Editor's Note: The Myth of Media Monopoly
Let me apologize in advance for any nightmares induced by this month's cover image. And let me apologize to dominatrices, too, for linking them to as controversial and (in some circles) disreputable a figure as Rupert Murdoch.
Yet the questions our cover asks—Does Rupert Murdoch control the media? Does anyone?—are vitally important and deserving of a provocative image. As the power behind News Corp., the Fox broadcast network, the Fox News Channel, The Weekly Standard, and more, Murdoch seems every inch a latter-day William Randolph Hearst, controlling a media empire that many believe exercises tyrannical, ideologically driven control over the nation's news and entertainment.

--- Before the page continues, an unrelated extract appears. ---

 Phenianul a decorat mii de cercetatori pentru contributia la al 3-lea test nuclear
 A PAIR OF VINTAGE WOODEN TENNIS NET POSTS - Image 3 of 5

Liberals and leftists fume especially at the popular success of the Fox News Channel. As Robert McChesney, co-author of Our Media, Not Theirs: The Democratic Struggle Against Corporate Media, has thundered, Fox News "does virtually no journalism at all." For their part, conservatives wink at Fox News' self-evidently ironic "fair and balanced" mantra, preferring to forget that only a few years ago Murdoch was an arch villain to them. In 1999 professional moralist "Lucky Bill" Bennett teamed up with current Democratic presidential hopeful Joe Lieberman to present the Aussie-born magnate a "Silver Sewer Award," an honor the dyspeptic duo used to bestow annually upon the nation's top "cultural polluter." By creating TV shows such as Married…With Children and The Simpsons, Murdoch supposedly had "done more than any other programmer in television to foul the public airwaves and define our cultural norms down."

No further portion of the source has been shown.